Un jour, tante Luong est rentrée de quelque part et a appelé partout. Je l'ai vaguement entendue dire qu'elle s'était fait arnaquer. Après des dizaines d'appels, elle était restée assise là, le visage hagard, deux torrents de larmes coulant sur ses joues. Quand je lui ai demandé, elle a répondu :
- Tout a disparu, mon enfant. Ils nous ont pris tout l'argent que j'avais économisé. Quelle stupidité j'ai eue de les croire…
Il s'est avéré que tante Luong avait cédé aux avances d'une connaissance et investi tout son argent dans un terrain en ville. Elle a alors découvert qu'elle avait été victime d'une arnaque.
Après ce jour, ma tante s'absenta plus souvent. Elle me raconta seulement qu'elle allait ramasser de la ferraille dans les communes voisines et qu'elle ne pouvait rentrer qu'en fin de journée. Mais un jour, un voisin m'a raconté qu'elle allait en ville faire la vaisselle et qu'elle travaillait aussi comme porteuse. Quelqu'un l'avait même vue récolter du riz pour des habitants de la commune voisine. Tante Luong paraissait maigre et vieillissait vite.
Deux ans plus tard, j'ai obtenu mon diplôme d'études secondaires. Juste après avoir passé l'examen d'entrée à l'université, heureux que tous mes amis proches aient été admis dans l'université de leurs rêves, nous avons appris que Han souffrait d'une maladie cardiaque et devait être opéré en urgence. La famille de Han n'avait pas les moyens, et la somme de 160 millions était donc trop élevée. Voyant ma tristesse, tante Luong a soudain dit :
- Dites à Han et aux parents de Han, j'ai plus de cent millions, je peux les prêter à la famille.

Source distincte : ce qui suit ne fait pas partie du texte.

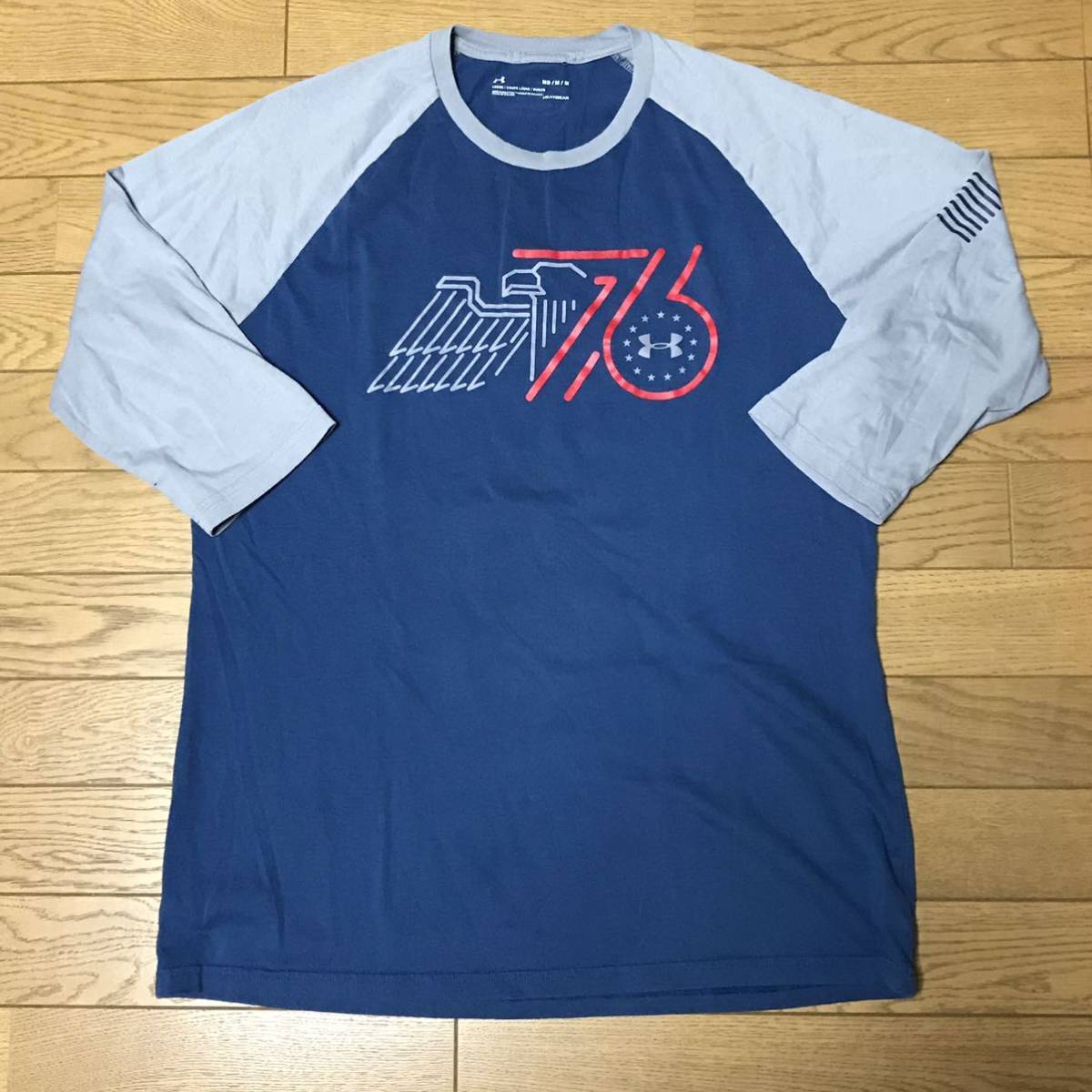 UNDER ARMOUR MEN’S THREE-QUARTER SLEEVE T-SHIRTS size-MD(着丈71身幅55) 中古(美品) 送料無料 NCNR拍卖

Mes yeux s'écarquillèrent de surprise. Et pour la première fois de ma vie, j'eus envie de serrer fort tante Luong dans mes bras.
Ce jour-là, tante Luong venait de rentrer du travail, la sueur coulait encore sur son front, je dis précipitamment :
- Tante, les parents de Han viennent chez nous pour te parler. Ils devraient bientôt arriver.
- Laisse-moi d'abord changer de chemise, qui voudrait rencontrer quelqu'un comme ça ? - Tante Luong baissa les yeux sur sa chemise délavée et trempée de sueur.
Je l'ai attrapée par la manche et l'ai retenue. Tante Luong a ouvert de grands yeux et m'a regardé.
- Vous vous asseyez et vous vous reposez, vous vous asseyez devant le ventilateur pour vous rafraîchir.
Puis, voyant qu'elle semblait toujours surprise, j'ajoutai :
- Tu peux le porter comme ça, tu n'as pas besoin de changer de vêtements.
Tante Luong sourit gênée. Cela faisait longtemps que je ne l'avais pas vue sourire ainsi. C'était la première fois que je la voyais assise si doucement sur la chaise, les yeux emplis de tristesse comme la brume d'automne sur le lac, mais aussi d'une joie douce et paisible.